In this moment of joy and relief, we must not forget the gravity of the perils we faced. Corbyn’s and McDonnell’s style of politics always moves quickly from revolution to a murderous tyranny. The ideological iconoclasts begin with extravagant promises of a new order, falling just short of a heaven on earth; but this turns swiftly to dictatorship. It has happed time after time throughout history. Let us have just two recent examples…
The French Revolution of 1789 began with the slogan Liberty, Equality, Fraternity. It proceeded to the Reign of Terror in 1793 and a nationwide tour by Madame Guillotine. When it first erupted, the Revolution was greeted with extravagant shouts of welcome by many who ought to have known better. Willie Words-worth-not-very-much wrote, “Bliss was it in that dawn to be alive; and to be young was very heaven.” Given a huge nudge by the Tory Samuel Coleridge – his collaborator in the writing of Lyrical Ballads – he soon came to his senses. However, the French people didn’t. Instead they did what revolutionaries always do: they fell in behind a tyrant. Theirs was Napoleon whose armies threatened all Europe. His supporters derided the English as petit bourgeois, “a nation of shopkeepers.” The shopkeepers responded with victories at Trafalgar 1805 and Waterloo 1815, and Bony was removed permanently to St Helena.
The Russian Revolution of 1917 followed a similar course. Lenin’s slogans were: “Factories to workers!”; “Land to peasants!”; “Peace, Land, Bread!” But utopia turned out to be dystopia and, thanks to a technology far superior to that which obtained at the time of the French Revolution, Stalin’s purges exceeded those of the Reign of Terror and slaughtered forty million of his own people.

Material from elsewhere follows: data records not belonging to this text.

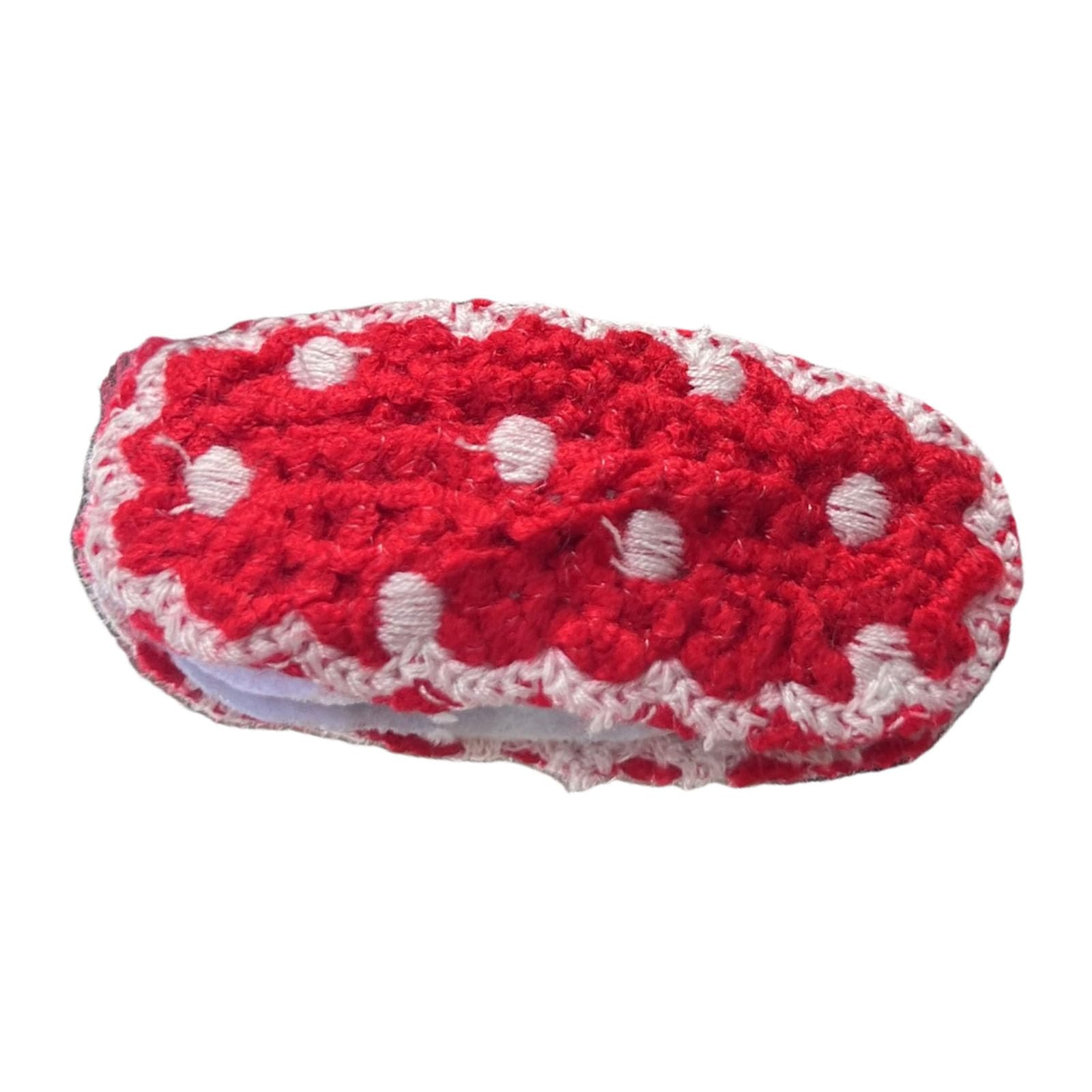 YUXITA Korean Charm Floral Fruit Hair Clip For Girls Soft Knit Barrettes Lovely Fashionable Hairpin Hair Accessories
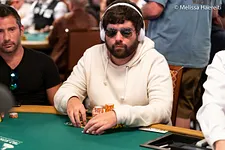 Pedro Oliveira nas WSOP 2019
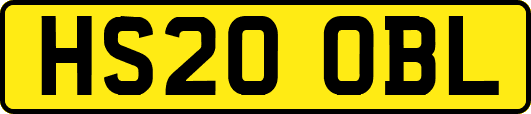 HS20OBL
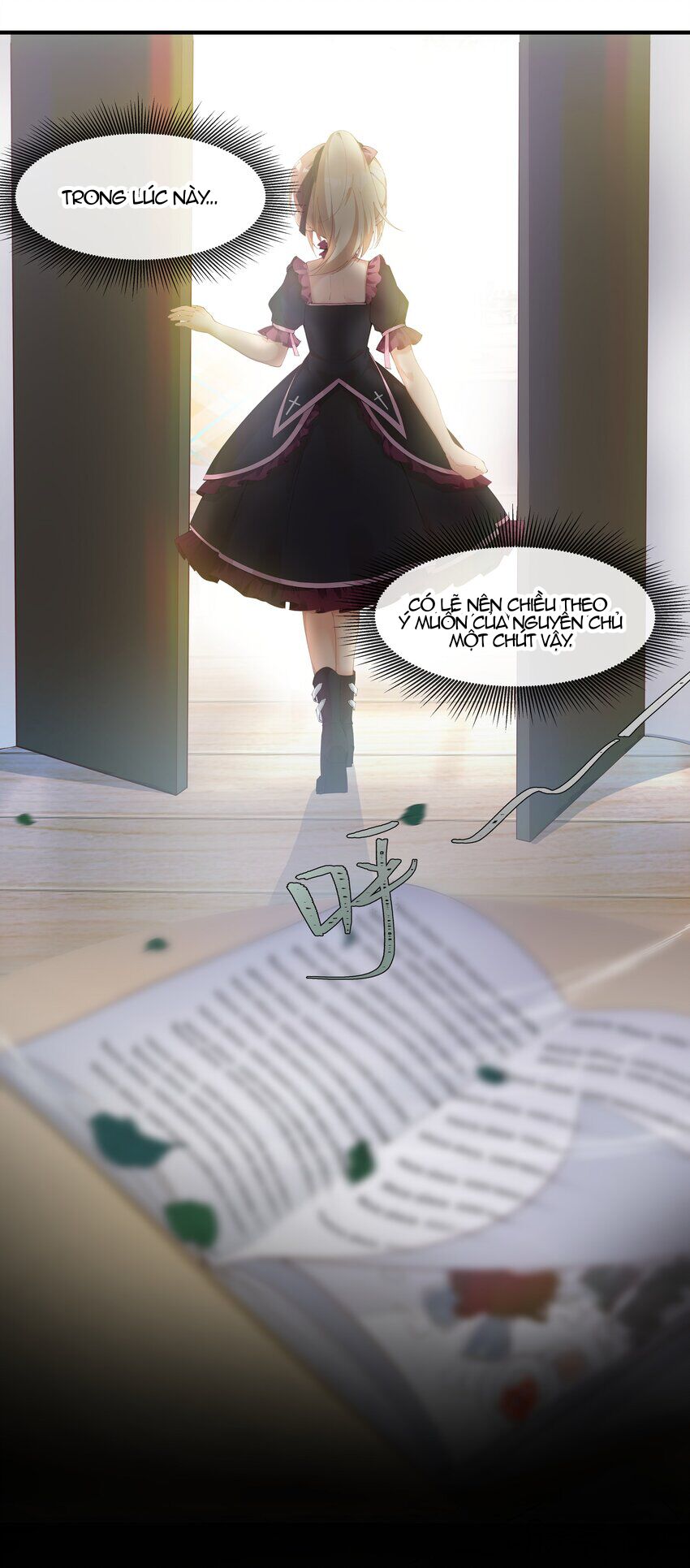 Nhân Sinh Thâm Tiềm Chap 2 - Next Chap 3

Given time, a Corbyn government would have proceeded after the same pattern. He began by promising the earth: more hospitals, more nurses, free broadband and limitless cash. But his class war would have ended in economic stagnation and social disintegration. Thankfully, he was defeated by the shopkeepers and shop-workers in the towns and cities in the Midlands and the North. As the French revolutionaries were supported by those useful idiots – such as Willie Wordsworth – who ought to have known better, so Corbyn’s chief cheerleaders were the pretentiously affected Champagne socialists and privileged snobs in the posh parts of London; among the bien pensants on The Guardian and the broadcast media; by the diseased “liberal” – really, intolerant and lying – political elite in parliament, the civil service, the universities and the suffocating public service bureaucracies which together make up the socialists’ client state.
All these people arrogantly claimed to know better than the ordinary folk. And, like the ideologues behind the French and Russian Revolutions, they also claimed to speak in the name of “the people.” But by “the people” they meant only themselves and their clique. And last Thursday the people answered back.
Smile at us, pay us, pass us, but do not quite forget; that we are the people of England that never have spoken yet.
Well, we have spoken now! So what is to be done with socialism?